WHY DO INVESTMENT ADVISORS HAVE A REPUTATION FOR UNETHICAL DEALINGS WITH THEIR CLIENTS?

There are several daily publications that are delivered over the internet that describe the recent unethical behavior of Investment advisors. They are not hard to find.

One that came across my desk today described a mutual fund advisor/salesman who defrauded a retired couple. It started in 2010 when the advisor created a fake, non-existent real estate fund. He got them to initially invest $250,000 in the fake fund and eventually received a total of $330,000. The fraud was not detected until 2019 when he tried to get the investors to contribute even more money to maintain the investment. They refused and demanded he liquidate their holdings and return their money. It was only then they learned that they had been sold a fake investment. For all those years, he had provided false account statements.

 Although he was kicked out of the industry and required to pay over half a million dollars in fines, penalties, and restitution, he was not jailed. The financial industry is self-regulated and takes care of its own. If he had robbed a bank for a fraction of what he stolen as an advisor, he would have been jailed.

This fraud is like the classic Ponzi scheme where the payment of very high returns to existing investors is not coming from the investments but from funds being deposited by new investors. The investor thinks he is getting very high returns with no risk.

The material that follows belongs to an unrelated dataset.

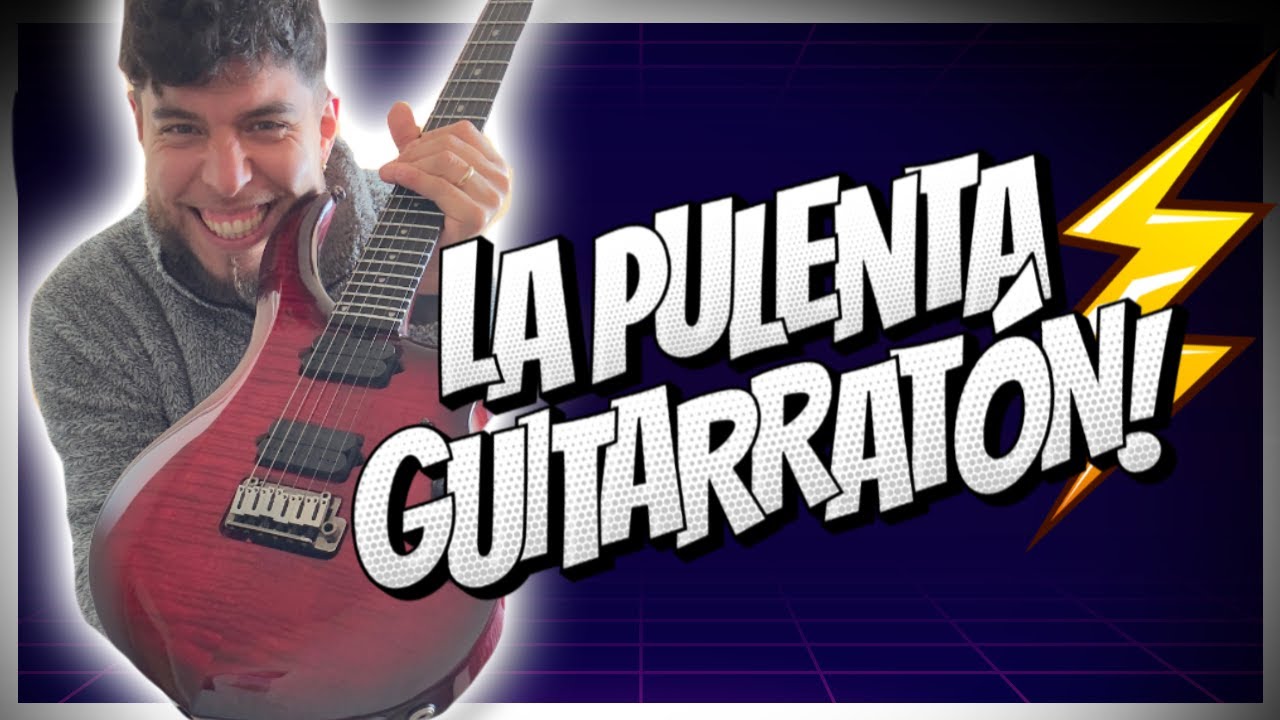 LA PULENTA GUITARRATÓN! ⚡️(Maratón en vivo (Parte 1?)) ⚡️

 Hedge fund investor Bernie Madoff’s name often comes up when Ponzi schemes are discussed. He stole billions from his clients. Everything was going fine until the 2008 market crash when his clients wanted their money back.

Ponzi schemes are often tied into conning a particular group. They may be members of the same religious or cultural group. Their trust in each other makes them think that surely since everyone in the group has invested, it must be a safe good investment.

Anyone promising or even guaranteeing higher than normal market returns for you money should be immediately suspect. A normal return might be in the range of 6% to 12% in a year. The promise of doubling your money in a year is meant to appeal to your greed and dream of easy money. Keep in mind that over the last 100 years, the Standard and Poor 500 has averaged a total return of between 9% and 12% annually.

The slow unnecessary churning of portfolios every month can also steal thousands of dollars every year out of hundreds of thousands of investment accounts. The advisor may be buying and selling a dozen investments in your portfolio each month. Each trade is incurring fees, charges, and commissions. Choosing good investments and sticking with them is the secret to acquiring wealth, not constantly jumping from investment to investment.

Do not hesitate to run your advisor’s name against the following websites to see if any negative information appears:

www.finra.org/brokercheck,

www.adviserinfo.sec.gov,

www.nasaa.org,’

www.naic.org,

www.cfp.net.

A simple Google search of an investor advisor’s name and the companies he has been associated with can often disclose complaints by disgruntled former clients who have lost money.

To scare away the investment conmen always ask for a written document that details exactly how your advisor will be compensated by you.

Do not invest in any investment they are promoting that you do not understand or cannot easily verify its credibility. Make the advisor clearly detail in writing the advantages and disadvantages of the investment. This is a chore he must incur for you to consider letting him get his hands on your money. You are in control, not the advisor.